In standard management analysis of a decision, management tries to make an intelligent estimates of the risks and rewards of any particular decision. So today we take an elementary look at decision-tree analysis of the risks of war with Iran, using open-source literature, to try to get a handle on a problem that Sy Hersh's reporting indicates is very urgent.
We are still in the book Computers in Battle, will they work, edited by David Belkin et al, 1987. Today's installment focuses on a couple of insights from the chapter by Alan Borning, p. 101 ff, on "Computer Systems Reliability and Nuclear War." Check this out.

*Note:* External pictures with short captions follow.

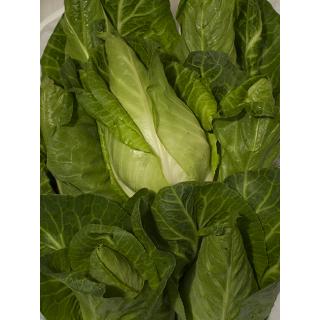 Spitzkohl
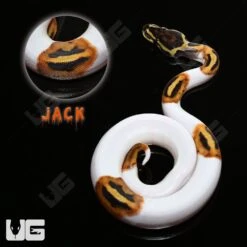 Baby Female Pied Ball Python #2 “JACK”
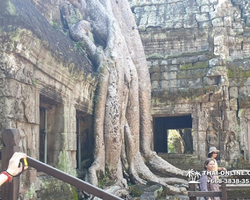 Tour to Angkor Temples Cambodia from Pattaya Thailand trip photo 71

Borning notes that for all practical purposes both the US system and the Russian system must be viewed as one system, simply because the reaction times are so short, and that the risk of a malfunction rises as unintended mistakes enter either system. (cont'd)
Let's focus first on some details of the reliability of the US system. On page 129, he notes the unsettling statistic that in 1977, or 29 years ago, an exercise of the NORAD system (North American Defense) exhibited a reliability factor of only 38 percent. Put a different way, that translates into a 62 percent chance of failure. Hopefully almost three decades of technology has done something to increase the odds of success, but a look at the problem from the view of experts here is certainly enough to raise a concern among the technical community, as well as the general public.
Then there is the chance of problems with the system operated by Russia at the time (now the former Soviet Union states). Without giving exact statistics, author Borning notes that alcoholism, drug abuse and those with potential psychologica problems have a certain statistical probablilty of ending up in jobs with nuclear strike responsibility. Think Absolut vodka.
Add to this the complexity of the two systems, and trying to react, with decision times greatly shortened by the speed that computers can bring to first-strike and reaction strike capabilities. In 1987, the reaction time was as short as 12 minutes. In practical terms, this means that the decision period in a nuclear conflict could be over in 12 minutes. In any given hour, that translates to five times an hour, or in any given day, 120 periods per day, where the system could decide a conflict one way or another.
To raise a legal problem, Borning notes that the decisions have to be made so fast that it can operate actually without constitutional authorization. He details Jimmy Carter's Presidential Directive 59, and Reagan's Defense guidance (p. 154) to show that the policy was that nuclear forces MUST PREVAIL. But he also notes that in many circumstances Congressional approval is impossible, and even presidental approval may not be possible. Worth reading.